В здании аэропорта его встречали человек пятнадцать. Папа не мог сдерживать слёз радости от переполнявшей его гордости, поэтому притворялся простывшим и всё время сморкался, заодно вытирая глаза. Мама плакала не скрывая, трогала своего мальчика, разглядывала, любовалась. Кто может быть для матери красивее детей? Она помолодела от счастья лет на десять. Старшие братья, приосанившись и приодевшись в лучшие свои костюмы, старались соответствовать такому образованному родственнику, пытаясь напустить на себя важный вид. Их причёсанные дети стояли, как караульные возле Кремля, в костюмах, похожих на папины, а замыкали строй очень нарядные жёны с дочками на руках. Получалось весело. Младший, замерев, не отрывая взгляда, ловил каждое слово, каждый жест подзабытого за время его взросления брата. Сестра Лейла, недавно вышедшая замуж и располневшая от беременности, гордо стояла под руку с мужем адвокатом, увёзшим её в красивый дом древнего города Триполи на другом конце Ливана. Был ещё сосед с автобусом, на котором все приехали и у которого дочь – красавица на выданье. Он был счастлив первым оказать услугу доктору. Кто знает, может, породнятся, хорошее ведь всегда в памяти откладывается. Приехал мухтар – главный в городе человек. Дедушка, который периодически забывал, куда и зачем его привезли, но это самый важный человек в семье и все ему терпеливо напоминали. Особенно трогательна была младшая сестра, которой было десять лет. Для неё он был идеальный мужчина, самый умный, добрый. Она ничего не спрашивала, просто смотрела на него во все глаза, затаив дыхание. И когда, заметив её восхищенный взгляд, он подхватил её на руки, то, не способная сдержать нахлынувшей радости, она уткнулась от смущения ему в плечо и обхватила тоненькими ручками за шею. Он слышал, как колотится её взволнованное сердечко.

И как? Скажите на милость, как он бы мог не вернуться? Прости, Анжела, это кровь моя, душа моя, в каждом из этих людей от старого дедушки до моей милой птички-сестрички. Возможно, я буду единственным мужчиной в её жизни, на которого она сможет рассчитывать. И что же, отвернуться от своих обязательств, поставив во главу угла «хочу»? Нет! Мужчина должен быть в первую очередь ответственен за свою семью.
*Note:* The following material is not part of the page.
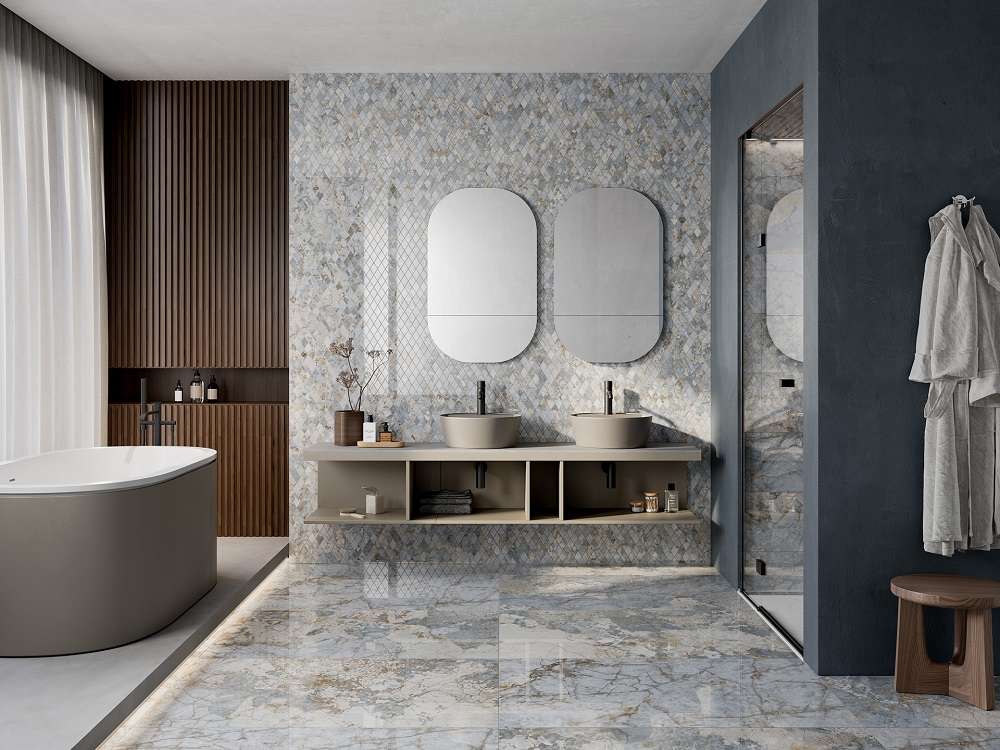 Фото в интерьере для ванной La Fabbrica Gemstone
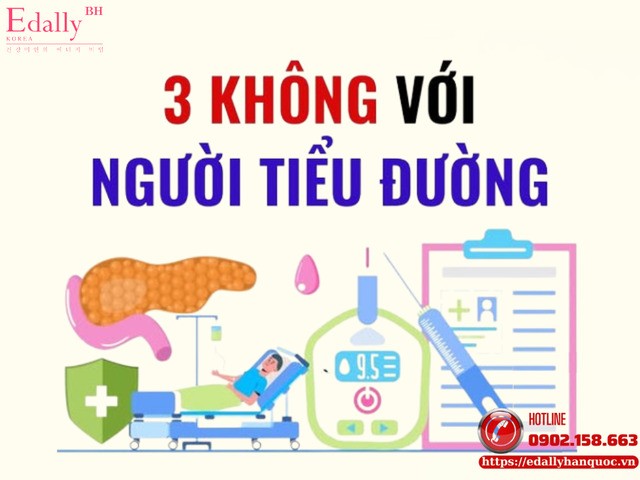 3 không với người bệnh tiểu đường để sống khỏe mạnh mỗi ngày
За ту, в которой родился и за жену, которая войдёт в семью. Он не имеет права разделять, разрывать её. Семья – это колодец с глубиной, из которого звезды днём видны.

Жизнь на родине потекла стремительно. Каждый день возникали новые проблемы и дела, требующие неотложных решений. Хождение по различным инстанциям, очереди, ожидание. В течение нескольких недель он занимался оформлением документов, затем началась подготовка к сдаче экзамена для подтверждения диплома, обязательного для всех выпускников, получивших высшее медицинское образование в другом государстве. После обеда дома встречали бесконечных посетителей, приходивших поприветствовать его. Параллельно он взял в аренду две комнаты в здании, где располагались кабинеты немногочисленных в то время докторов, красиво оформил их, закупил в кредит оборудование и постепенно готовился к работе. Дни были загружены до предела, поэтому времени для тоски и воспоминаний почти не оставалось. С первыми пациентами появилась и пьянящая радость опыта самостоятельной практики. Сложные случаи заставляли постоянно совершенствоваться, обновляя и пополняя знания.

В течение полугода он добился больших успехов. И кредиты были уже почти выплачены, и в расписании не было свободного времени, пациентам приходилось записываться заранее. А его мысли всё чаще были заняты Анжелой. Наступило время, когда на свет должен был появиться его сын! Он пробовал звонить ей на домашний, но телефон был отключен. Хотел было попросить кого-то из отъезжающих студентов подойти к ней домой и разузнать всё, но боялся, что о его растущем на чужбине сыне станет известно всем, в том числе и его родителям. Он корил себя за малодушие и признавал разумность своего поступка. Изменить что-либо практически невозможно. Она отказалась ехать с ним. Поехать к ней было очень сложно. Тогда на учёбу ему выделили направление и деньги от коммунистической партии Ливана, а так просто получить визу в СССР практически невозможно. Он послал ей пару писем, но ответа не было. Наверное, не доходят или не пропускают. Или может она адрес сменила? Какой смысл гадать!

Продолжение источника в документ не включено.